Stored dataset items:
# # # # #
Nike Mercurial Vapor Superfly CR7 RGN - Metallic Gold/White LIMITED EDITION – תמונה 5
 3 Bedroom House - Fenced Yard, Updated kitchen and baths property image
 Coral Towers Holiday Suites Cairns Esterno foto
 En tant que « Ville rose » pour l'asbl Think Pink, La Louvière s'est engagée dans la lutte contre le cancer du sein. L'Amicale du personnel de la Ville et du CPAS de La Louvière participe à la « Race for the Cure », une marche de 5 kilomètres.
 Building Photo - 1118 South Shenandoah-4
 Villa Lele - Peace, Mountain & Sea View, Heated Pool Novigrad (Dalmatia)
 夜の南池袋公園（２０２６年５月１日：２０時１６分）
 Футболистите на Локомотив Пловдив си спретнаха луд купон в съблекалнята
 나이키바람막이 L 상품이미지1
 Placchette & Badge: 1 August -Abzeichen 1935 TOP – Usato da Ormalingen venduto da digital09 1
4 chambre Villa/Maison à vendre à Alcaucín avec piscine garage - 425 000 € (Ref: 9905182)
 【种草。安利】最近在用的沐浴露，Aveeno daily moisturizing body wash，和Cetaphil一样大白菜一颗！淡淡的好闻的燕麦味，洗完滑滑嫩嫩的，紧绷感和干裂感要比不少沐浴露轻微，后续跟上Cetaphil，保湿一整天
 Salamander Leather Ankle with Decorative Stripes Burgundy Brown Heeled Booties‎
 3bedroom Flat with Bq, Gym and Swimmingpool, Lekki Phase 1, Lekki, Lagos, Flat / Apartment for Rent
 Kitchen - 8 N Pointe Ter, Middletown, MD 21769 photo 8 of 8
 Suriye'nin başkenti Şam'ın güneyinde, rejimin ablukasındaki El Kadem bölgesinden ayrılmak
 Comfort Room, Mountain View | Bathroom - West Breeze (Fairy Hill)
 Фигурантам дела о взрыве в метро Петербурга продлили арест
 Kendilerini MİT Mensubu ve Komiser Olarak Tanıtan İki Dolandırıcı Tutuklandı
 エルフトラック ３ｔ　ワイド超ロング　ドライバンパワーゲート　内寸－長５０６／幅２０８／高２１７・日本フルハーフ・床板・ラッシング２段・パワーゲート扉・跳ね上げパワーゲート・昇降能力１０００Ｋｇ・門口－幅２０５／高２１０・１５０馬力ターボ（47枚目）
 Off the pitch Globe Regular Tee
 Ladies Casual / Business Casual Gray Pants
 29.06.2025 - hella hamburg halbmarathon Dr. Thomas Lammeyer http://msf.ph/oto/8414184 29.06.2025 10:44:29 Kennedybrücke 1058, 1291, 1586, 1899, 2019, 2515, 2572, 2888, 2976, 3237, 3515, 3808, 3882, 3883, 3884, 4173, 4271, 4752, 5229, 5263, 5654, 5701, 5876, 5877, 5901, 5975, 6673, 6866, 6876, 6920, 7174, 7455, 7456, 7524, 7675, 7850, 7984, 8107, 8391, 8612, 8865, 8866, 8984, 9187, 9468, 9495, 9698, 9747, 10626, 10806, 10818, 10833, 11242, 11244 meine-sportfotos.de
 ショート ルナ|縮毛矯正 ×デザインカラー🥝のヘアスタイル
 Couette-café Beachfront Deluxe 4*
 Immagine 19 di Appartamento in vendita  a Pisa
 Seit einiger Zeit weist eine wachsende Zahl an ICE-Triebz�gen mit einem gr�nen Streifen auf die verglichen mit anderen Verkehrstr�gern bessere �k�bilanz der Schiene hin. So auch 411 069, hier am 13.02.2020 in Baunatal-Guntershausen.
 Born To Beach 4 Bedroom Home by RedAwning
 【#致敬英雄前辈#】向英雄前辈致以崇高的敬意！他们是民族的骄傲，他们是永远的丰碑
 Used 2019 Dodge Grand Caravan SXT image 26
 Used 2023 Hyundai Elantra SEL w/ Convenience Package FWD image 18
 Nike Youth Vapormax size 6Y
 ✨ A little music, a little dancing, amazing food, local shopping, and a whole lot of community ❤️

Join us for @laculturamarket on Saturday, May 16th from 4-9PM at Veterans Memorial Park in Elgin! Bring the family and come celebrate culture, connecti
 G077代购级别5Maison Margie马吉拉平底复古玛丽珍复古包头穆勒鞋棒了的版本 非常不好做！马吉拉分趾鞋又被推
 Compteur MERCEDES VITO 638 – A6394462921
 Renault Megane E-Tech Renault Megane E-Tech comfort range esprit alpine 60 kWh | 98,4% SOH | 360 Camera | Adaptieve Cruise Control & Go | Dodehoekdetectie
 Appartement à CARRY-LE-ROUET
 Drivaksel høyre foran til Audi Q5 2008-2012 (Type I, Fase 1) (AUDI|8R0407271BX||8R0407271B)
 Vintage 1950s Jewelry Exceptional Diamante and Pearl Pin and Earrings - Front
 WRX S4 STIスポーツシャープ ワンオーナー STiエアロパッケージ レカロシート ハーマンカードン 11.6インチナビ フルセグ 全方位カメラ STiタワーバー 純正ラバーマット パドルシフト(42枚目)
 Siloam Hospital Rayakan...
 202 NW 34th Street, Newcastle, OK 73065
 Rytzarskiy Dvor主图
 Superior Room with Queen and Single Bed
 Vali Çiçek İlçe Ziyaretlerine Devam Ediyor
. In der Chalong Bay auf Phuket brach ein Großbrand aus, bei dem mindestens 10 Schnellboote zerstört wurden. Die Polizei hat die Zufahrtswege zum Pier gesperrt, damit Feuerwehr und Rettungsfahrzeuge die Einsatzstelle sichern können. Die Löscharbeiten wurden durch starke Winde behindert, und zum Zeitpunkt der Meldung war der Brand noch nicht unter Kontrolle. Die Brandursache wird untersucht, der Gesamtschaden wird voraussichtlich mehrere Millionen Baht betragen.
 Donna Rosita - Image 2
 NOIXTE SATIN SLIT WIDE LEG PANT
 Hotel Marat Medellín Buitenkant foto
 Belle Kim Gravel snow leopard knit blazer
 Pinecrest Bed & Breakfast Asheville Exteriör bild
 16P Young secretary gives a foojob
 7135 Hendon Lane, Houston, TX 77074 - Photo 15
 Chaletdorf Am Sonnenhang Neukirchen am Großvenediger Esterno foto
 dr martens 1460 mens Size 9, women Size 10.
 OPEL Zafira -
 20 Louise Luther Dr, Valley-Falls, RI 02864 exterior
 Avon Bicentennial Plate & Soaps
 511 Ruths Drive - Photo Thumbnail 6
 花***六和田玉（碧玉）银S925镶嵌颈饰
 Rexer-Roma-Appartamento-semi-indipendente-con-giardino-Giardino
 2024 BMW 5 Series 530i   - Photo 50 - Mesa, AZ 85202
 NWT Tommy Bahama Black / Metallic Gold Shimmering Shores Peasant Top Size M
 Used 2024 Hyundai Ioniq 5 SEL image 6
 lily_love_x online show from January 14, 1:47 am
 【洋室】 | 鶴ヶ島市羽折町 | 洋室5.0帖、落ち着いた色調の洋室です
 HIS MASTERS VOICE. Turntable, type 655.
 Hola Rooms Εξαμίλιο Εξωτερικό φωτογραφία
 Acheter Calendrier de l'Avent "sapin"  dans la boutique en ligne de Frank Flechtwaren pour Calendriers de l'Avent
# # # # #
(AIM OF THE TASK)
Each line above, from the one that contains "Chaletdorf Am Sonnenhang" to the last line of the records, should be repeated exactly. Leave out all others.

(COMPLETED TASK)
 Chaletdorf Am Sonnenhang Neukirchen am Großvenediger Esterno foto
 dr martens 1460 mens Size 9, women Size 10.
 OPEL Zafira -
 20 Louise Luther Dr, Valley-Falls, RI 02864 exterior
 Avon Bicentennial Plate & Soaps
 511 Ruths Drive - Photo Thumbnail 6
 花***六和田玉（碧玉）银S925镶嵌颈饰
 Rexer-Roma-Appartamento-semi-indipendente-con-giardino-Giardino
 2024 BMW 5 Series 530i   - Photo 50 - Mesa, AZ 85202
 NWT Tommy Bahama Black / Metallic Gold Shimmering Shores Peasant Top Size M
 Used 2024 Hyundai Ioniq 5 SEL image 6
 lily_love_x online show from January 14, 1:47 am
 【洋室】 | 鶴ヶ島市羽折町 | 洋室5.0帖、落ち着いた色調の洋室です
 HIS MASTERS VOICE. Turntable, type 655.
 Hola Rooms Εξαμίλιο Εξωτερικό φωτογραφία
 Acheter Calendrier de l'Avent "sapin"  dans la boutique en ligne de Frank Flechtwaren pour Calendriers de l'Avent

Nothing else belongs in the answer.